The UK generated 8.9% of its entire energy consumption from renewable sources in 2016.
That’s according to new information released by the UK Government, which reveals this is a 0.7% increase on the year before.
It marks the latest step in the nation’s progress towards the EU’s Renewable Energy Directive (RED) target, which requires this figure to reach 20% by 2020.
Renewable electricity represented just under a quarter of total generation, with 6.2% of heat coming from clean sources. Transport used renewable power to generate around 4.5% of its total usage.

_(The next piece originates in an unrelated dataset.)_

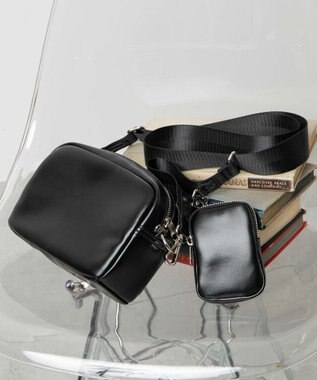 WEGO ポーチ付きスクエアショルダー ブラック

The UK has now exceeded its third interim target; averaged over 2015 and 2016, renewables achieved 8.5% against its target of 7.5%.
Electricity generation in the UK from renewable sources fell marginally by 0.2% between 2015 and 2016 to 83.2TWh.
This is a result of lower rainfall and wind speeds resulting in reduced hydro and wind generation, more than offsetting a 16% increase in total green capacity to 35.7GW last year.
Onshore wind generation fell by 8.4% to 21TWh and offshore fell by 5.8% to 16.4GWh as wind speeds dropped from their highest point in 15 years in 2015.
Solar was the leading technology in capacity terms at 11.9GW for the second year in a row, representing around a third of installations and resulting in a 38% increase in generation.
The Renewable Energy Association (REA) has said growth in the renewable energy sector is slowing down as a result of policy instability.